_What you have to do_
Copy out every line of the data exactly; do not include the images.

_Extracted information_
--*--

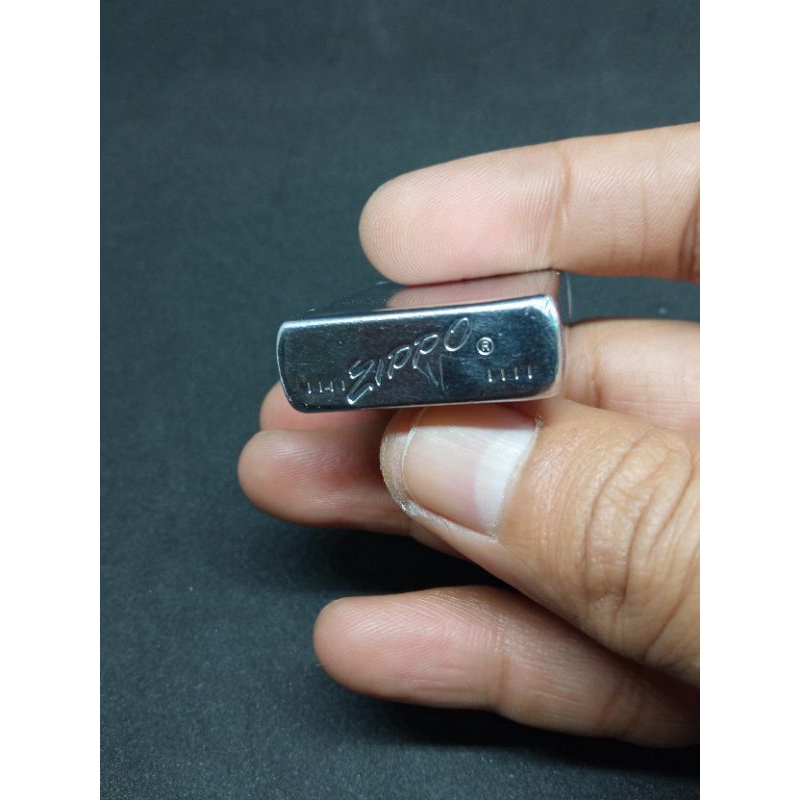 Zippo Vintage Slim tahun produksi 1966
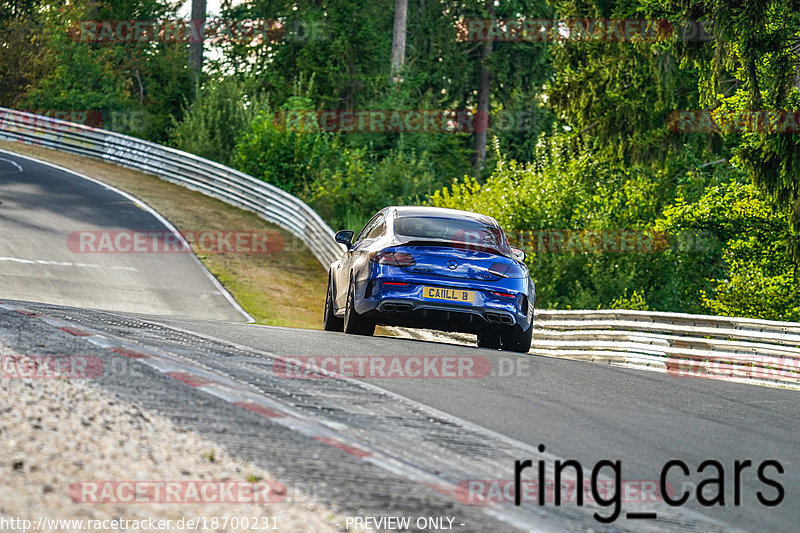 Bild #18700231 - Touristenfahrten Nürburgring Nordschleife (23.08.2022)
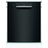 Bosch SMU4HAB48S Svart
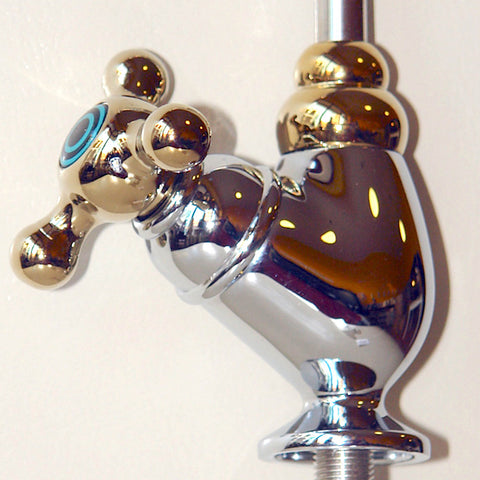 Wasserhahn mit Keramikventil (G)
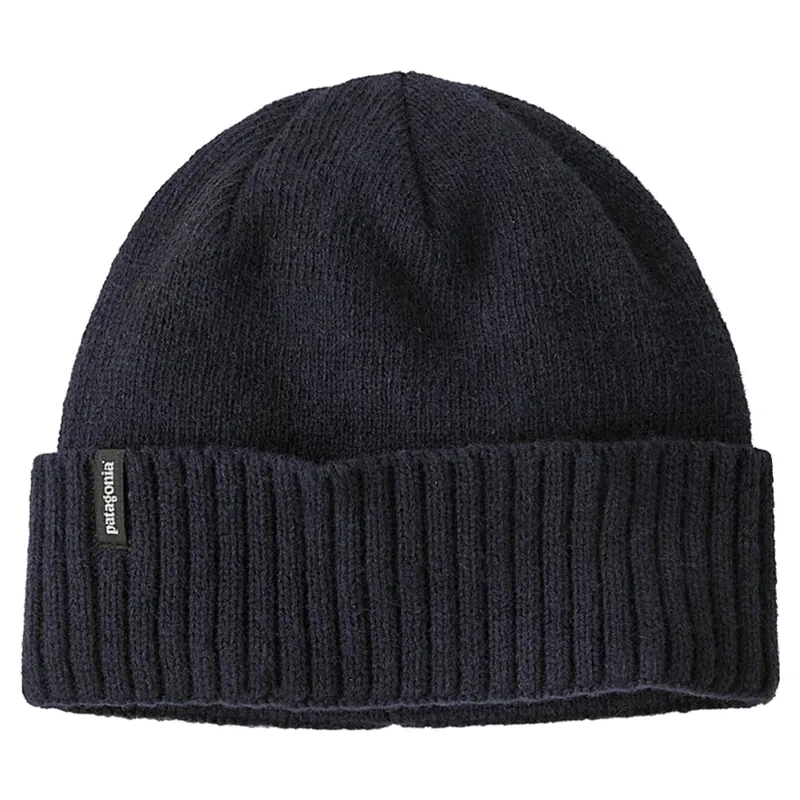 Patagonia Brodeo Beanie in New Navy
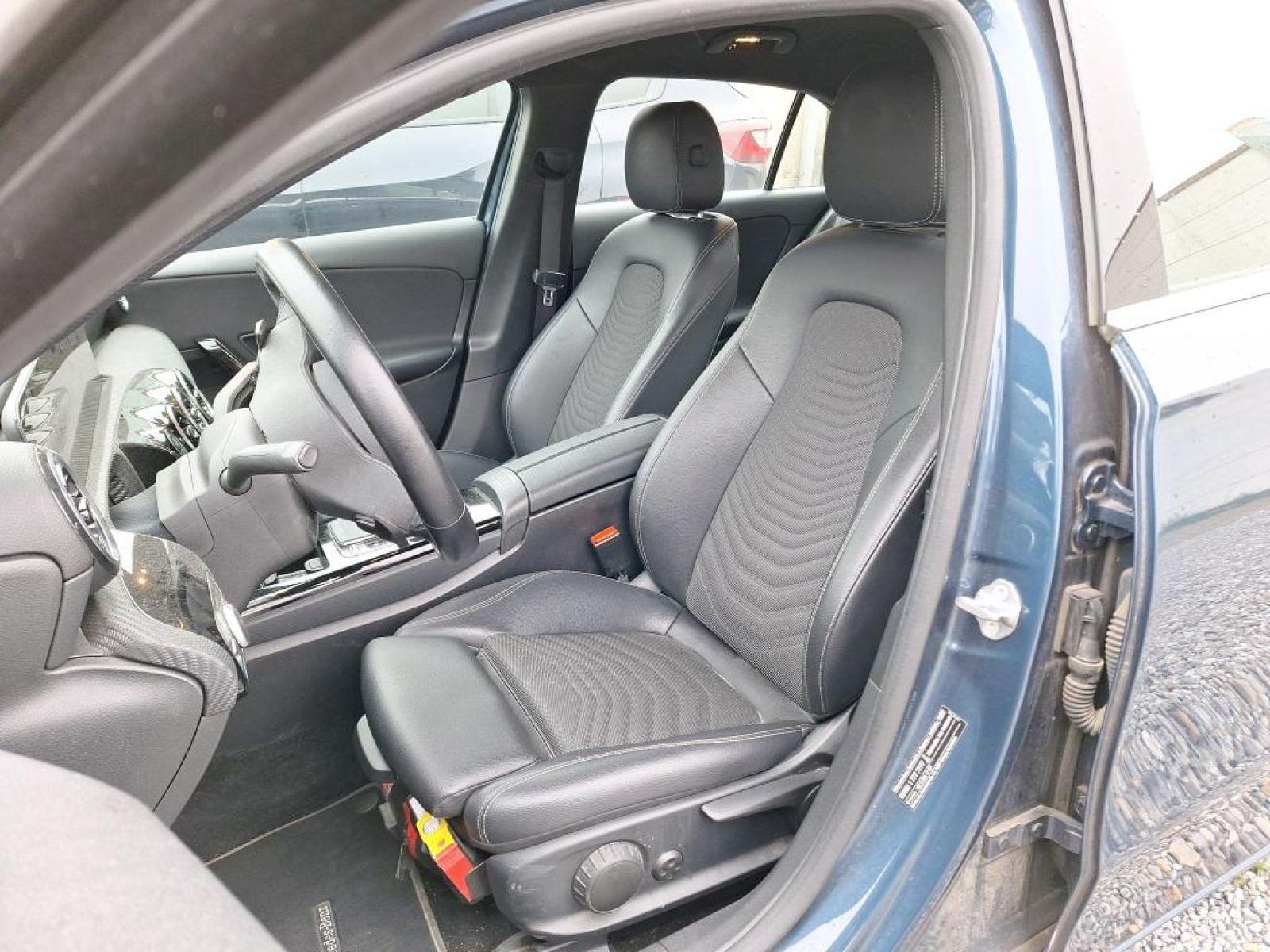 MERCEDES CLASE A 180 D BUSINESS SOLUTION AUT 3 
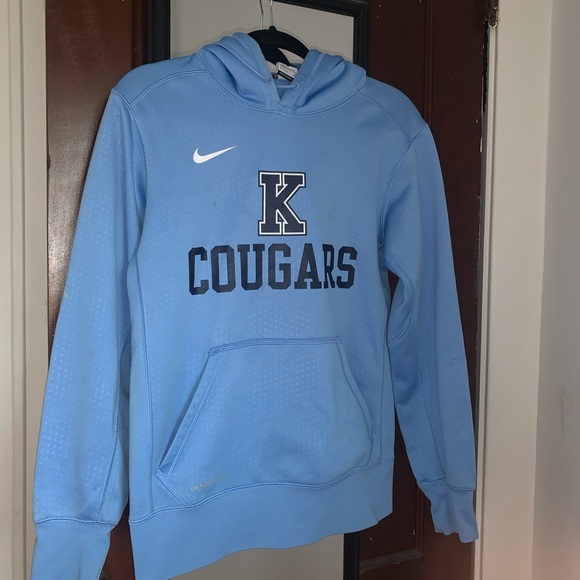 Nike Tops - Kean University - Nike Sweatshirt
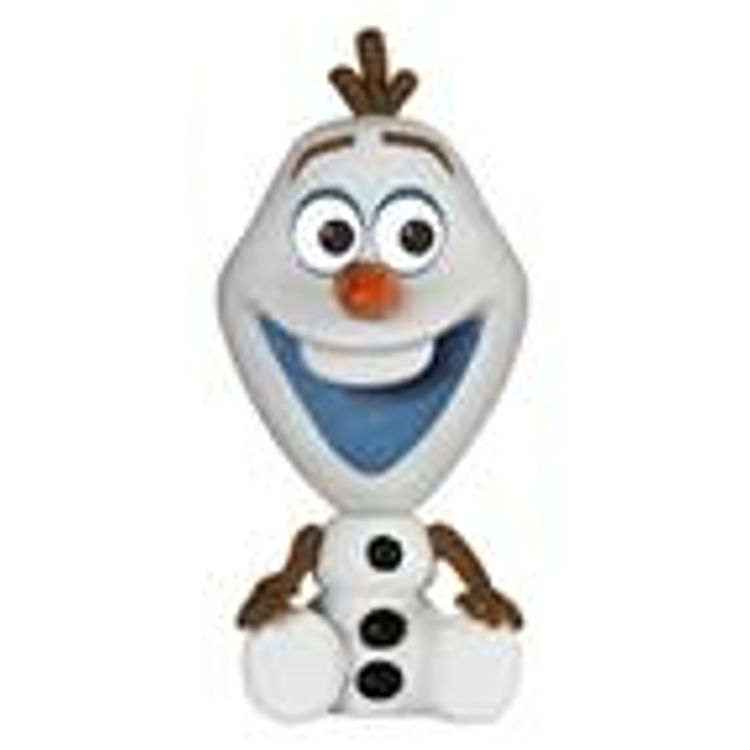 Disney Frozen - olaf sits by Sparkle Princess High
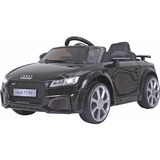 Jamara Audi TT RS Giocattoli trainabili Nero, Ragazzo/Ragazza, 36 mese(i), 4 ruota(e), Batterie richieste, Nero, 13,5 kg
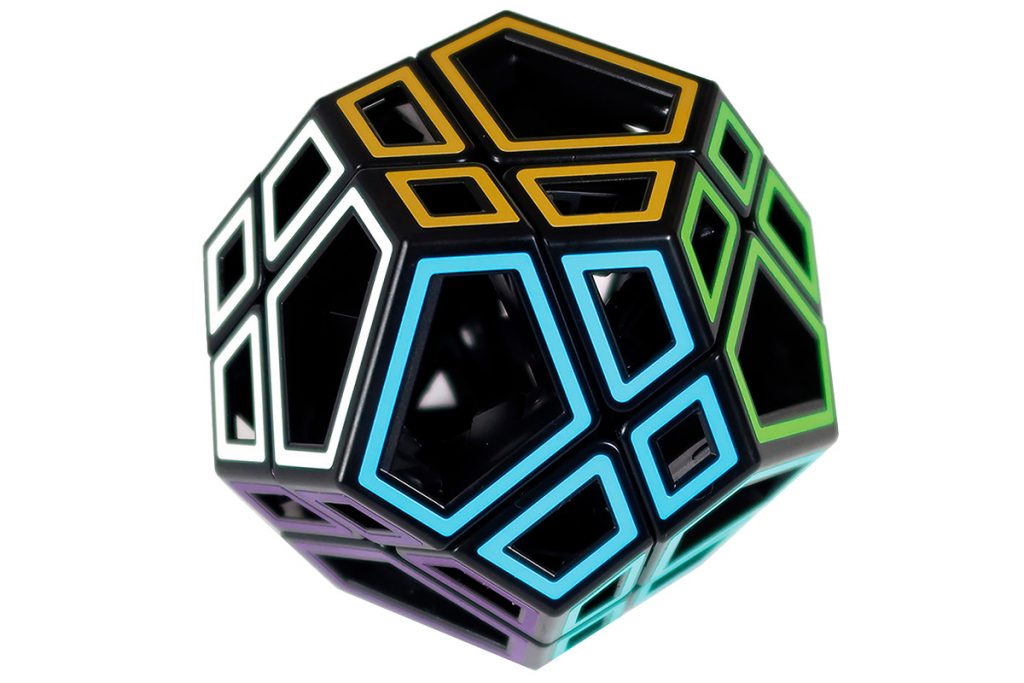 Smart Toys & Games-Hollow Skewb Ultimate-RTM5096-Legacy Toys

--*--

_Task response_
 Zippo Vintage Slim tahun produksi 1966
 Bild #18700231 - Touristenfahrten Nürburgring Nordschleife (23.08.2022)
 Bosch SMU4HAB48S Svart
 Wasserhahn mit Keramikventil (G)
 Patagonia Brodeo Beanie in New Navy
 MERCEDES CLASE A 180 D BUSINESS SOLUTION AUT 3 
 Nike Tops - Kean University - Nike Sweatshirt
 Disney Frozen - olaf sits by Sparkle Princess High
 Jamara Audi TT RS Giocattoli trainabili Nero, Ragazzo/Ragazza, 36 mese(i), 4 ruota(e), Batterie richieste, Nero, 13,5 kg
 Smart Toys & Games-Hollow Skewb Ultimate-RTM5096-Legacy Toys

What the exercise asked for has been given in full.